• **Supplied data**
════════════════
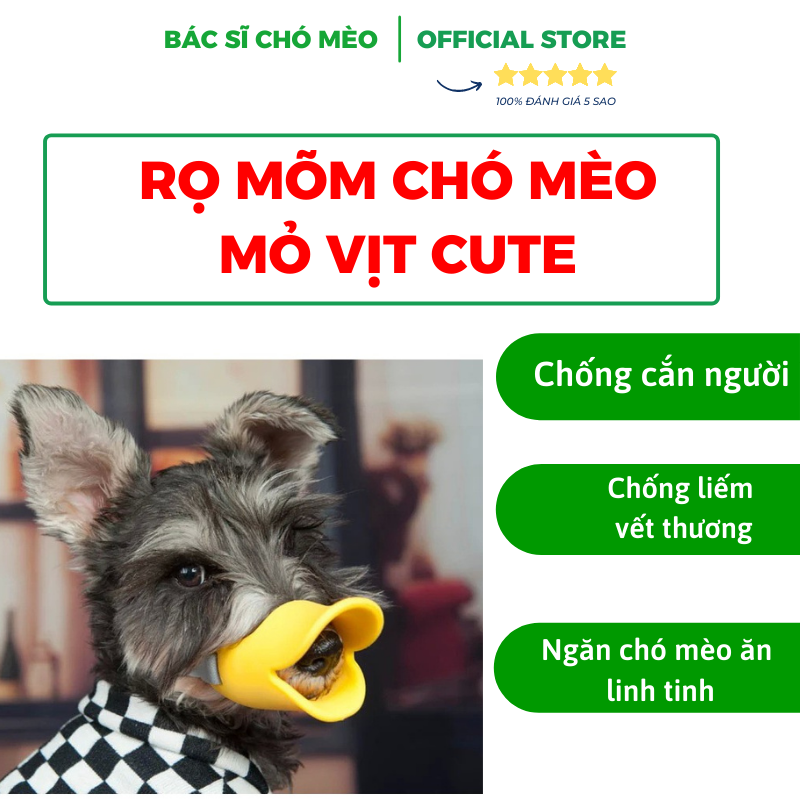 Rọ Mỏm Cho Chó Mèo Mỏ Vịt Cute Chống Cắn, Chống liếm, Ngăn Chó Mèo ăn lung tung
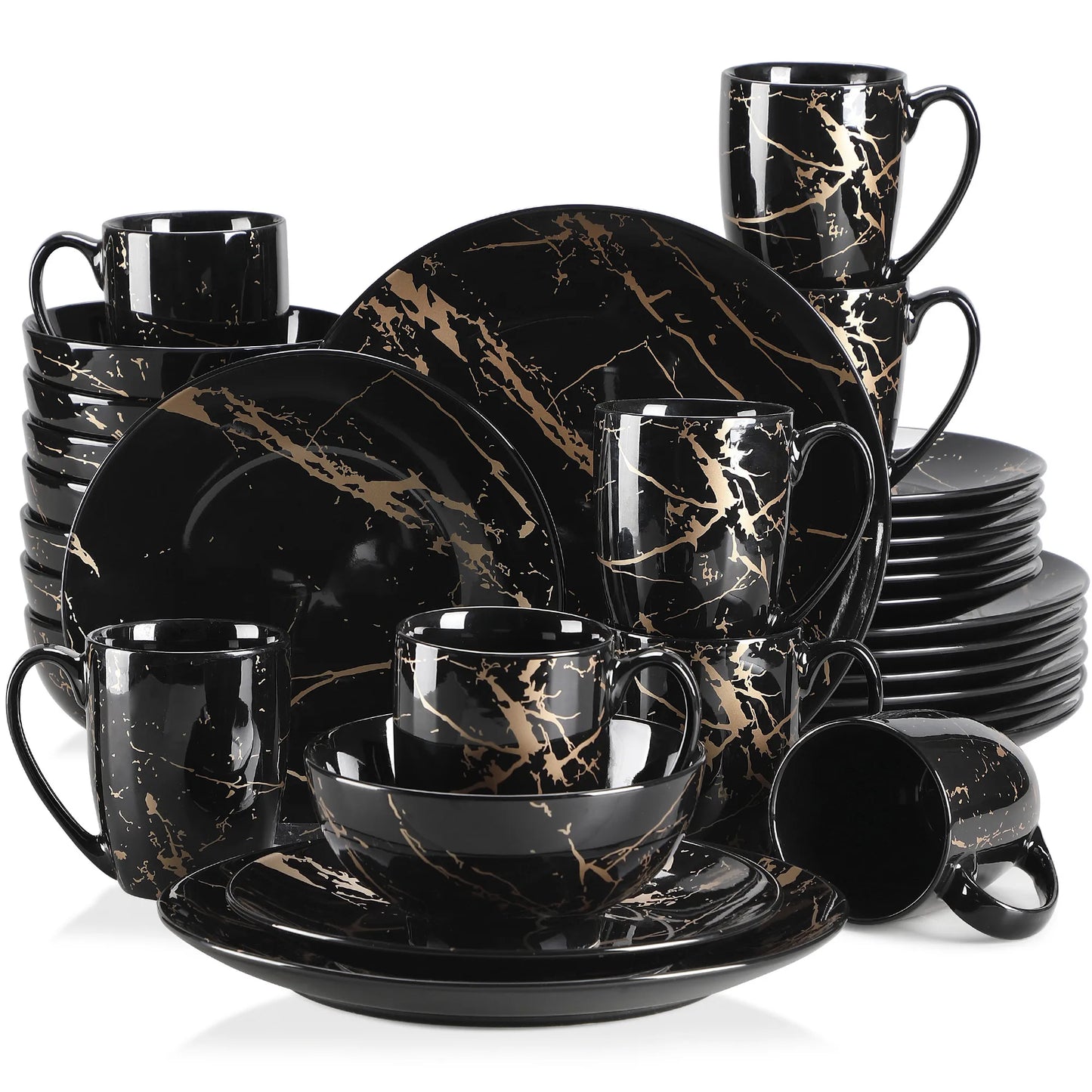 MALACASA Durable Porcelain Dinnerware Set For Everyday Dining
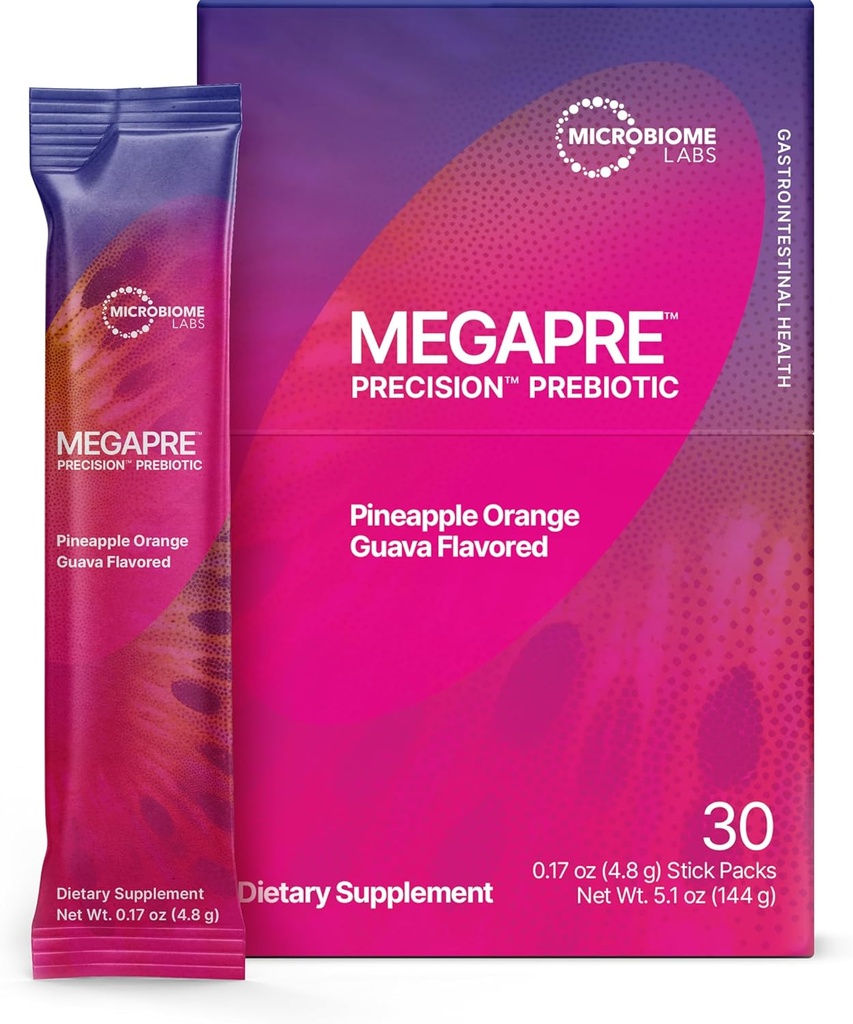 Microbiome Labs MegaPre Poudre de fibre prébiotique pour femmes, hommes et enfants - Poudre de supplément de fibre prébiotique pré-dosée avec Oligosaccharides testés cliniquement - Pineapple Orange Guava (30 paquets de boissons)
════════════════
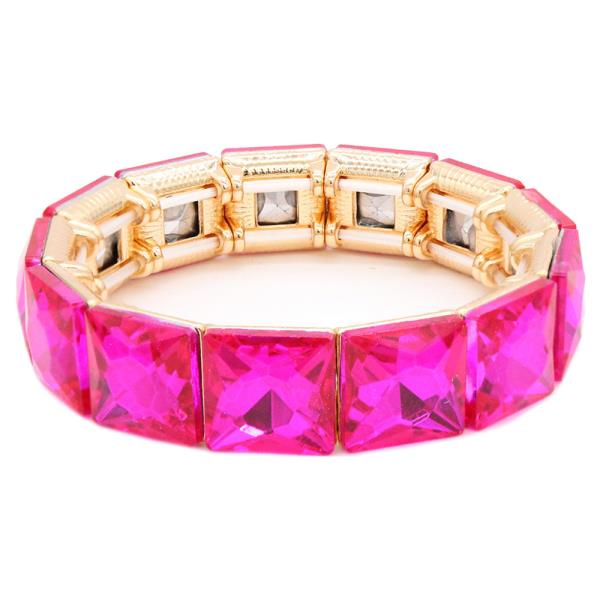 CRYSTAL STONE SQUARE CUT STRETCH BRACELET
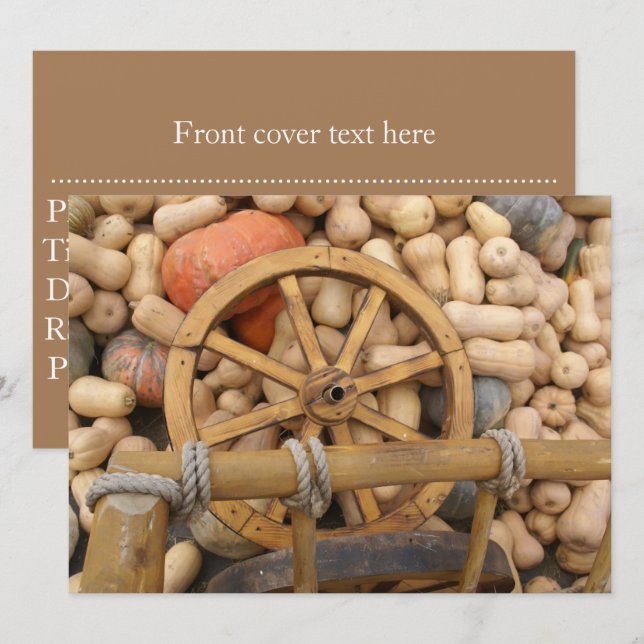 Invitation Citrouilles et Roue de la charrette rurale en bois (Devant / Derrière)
════════════════
• **Work to be completed**
Between and including the line above that contains "Rọ Mỏm Cho Chó" and the line that contains "Microbiome Labs MegaPre", restate every line word for word. Pictures stay out.

• **Solution to the problem**
 Rọ Mỏm Cho Chó Mèo Mỏ Vịt Cute Chống Cắn, Chống liếm, Ngăn Chó Mèo ăn lung tung
 MALACASA Durable Porcelain Dinnerware Set For Everyday Dining
 Microbiome Labs MegaPre Poudre de fibre prébiotique pour femmes, hommes et enfants - Poudre de supplément de fibre prébiotique pré-dosée avec Oligosaccharides testés cliniquement - Pineapple Orange Guava (30 paquets de boissons)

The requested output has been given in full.